Votare rimpiangendo il passato, ma che democrazia è mai questa?
di Diogene

elezioni_tmnews.itIl dubbio è stato forte: andare al seggio o non andare, votare, non votare. Alla fine l’ho risolto. Non andare significa abdicare a quello che ancora è rimasto in tema di libertà e di opinione. Il voto però è un’altra cosa. Una volta il voto era espressione di preferenza; votavi un simbolo e una persona perché sentivi di poter scegliere; ti sentivi attore sull’intricato palcoscenico della politica. Esprimevi una scelta, un modo di essere, uno stato d’animo; davi la preferenza a una persona che trovavi preparata, degna di fiducia, degna soprattutto di rappresentare i tuoi sogni, le tue ambizioni, le tue speranze. Insomma ti sentivi protagonista quando ti accingevi a votare, matita nella mano e scheda in pugno.
Ricordo il periodo delle quattro preferenze. Potevi addirittura votare quattro persone, ci pensate? Le campagne elettorali erano un’altra cosa. I candidati, o chi per loro, erano organizzatissimi. Appena scendevi per strada ne trovavi a iosa; lasciavi uno e ne trovavi un altro. E tutti a domandarti: “So che voti mister x; ma ce l’hai un posto libero per il mio candidato?”. C’era gente che probabilmente ti infastidiva perché assillante, insistente, anche seccante. Ma un certo non so che di umano, vero, autentico veniva fuori in quei contatti, in quel chiedere.
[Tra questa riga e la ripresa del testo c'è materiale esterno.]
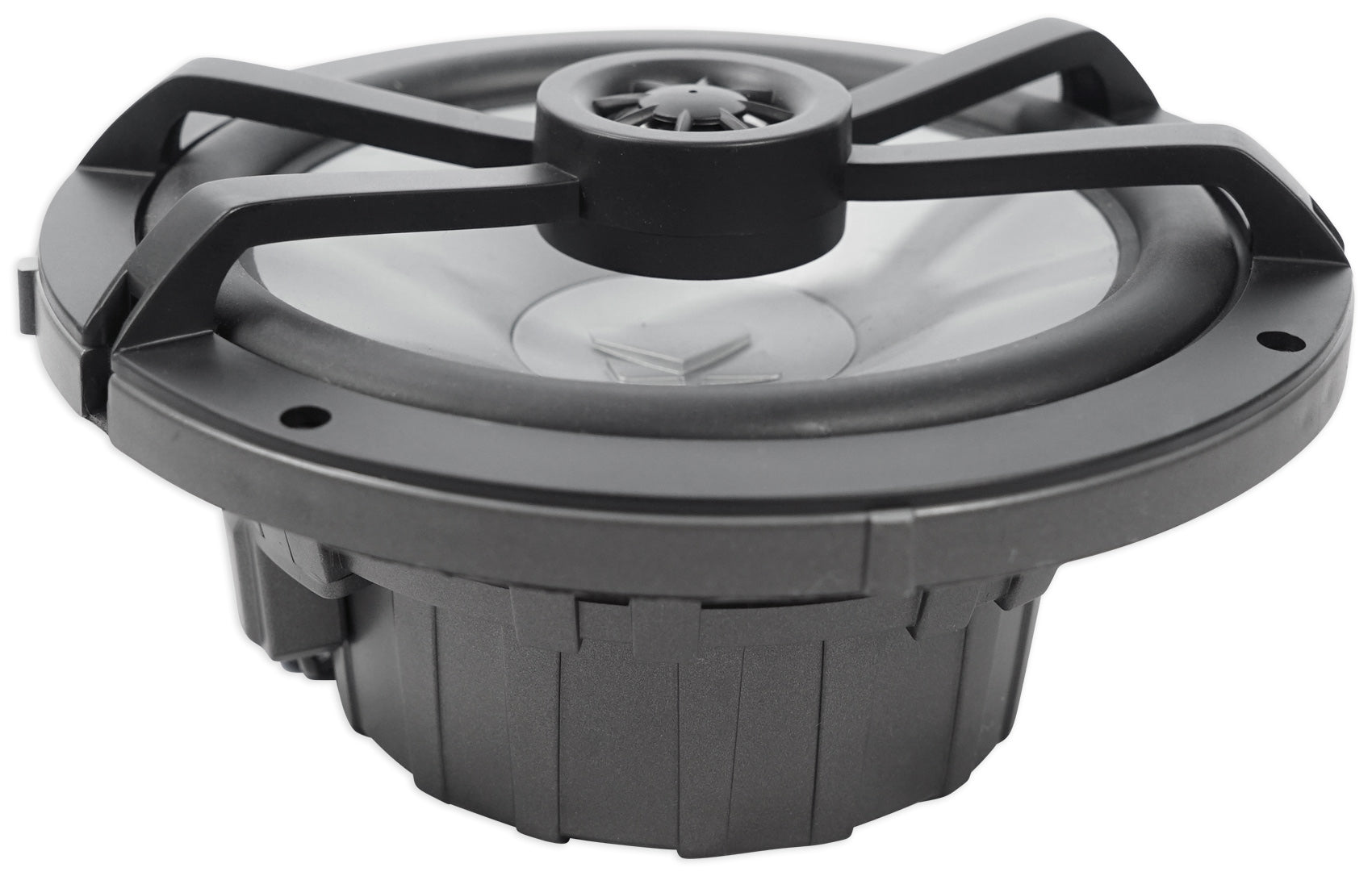 Pair KICKER 45KM654 6.5" 390 Watt Silver Marine Wakeboard Tower Boat Speakers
Le campagne elettorali erano snervanti, massicce, con rastrellamenti di voti porta a porta. Sorrisi di circostanza, saluti calorosi da chi in altri periodi nemmeno ti salutava, promesse quante ne volevi, ma anche tanto contatto con la gente, tanto calore, tanta partecipazione. Sentivi forte, con tutte le contraddizioni causate da richieste ossessive e da marcature strette, il profumo della vera democrazia. Per forza di cose, dovevi anche imparare a dire sì a chi ti chiedeva solo un voto dei quattro a disposizione: in caso contrario non ti liberavi dall’impiccio. Ammiccavi e poi facevi comunque quello che ti suggeriva la tua coscienza. Votavi e te ne tornavi a casa nella convinzione di avere fatto il tuo dovere di cittadino e di aver scelto bene.
Da qualche anno la musica è cambiata. Hanno cominciato con il ridurre le preferenze: una sola poteva bastare. Poi sono passati dalla democrazia autentica, a quella assistita. “Noi facciamo le liste, noi scegliamo i candidati che devono essere eletti. Voi dovete solo votare”. Niente preferenze, niente scelte: si votano solo i simboli e i cosiddetti leader. Deve vincere chi è scelto da chi comanda; il popolo non deve entrare nel merito degli eletti. C’è chi li sceglie e li sceglie meglio! Bella la democrazia, vero!
Mi sono avviato verso il seggio, sono entrato e mi hanno consegnato due bei “lenzuoli”: uno per il Senato e uno per la Camera. Nel chiuso della cabina, convinto di avere a che fare una classe politica non più credibile, arrogante e corrotta, ho espresso il mio voto, o, meglio, quello che mi suggeriva la mia coscienza. Quando i risultati delle votazioni saranno noti e quando tutti – come è costume politico inveterato – dichiareranno di aver ottenuto risultati soddisfacenti e vittorie mirabolanti, potrò dire a me stesso che ho fatto pace con la mia ribelle e incontaminata coscienza di uomo libero.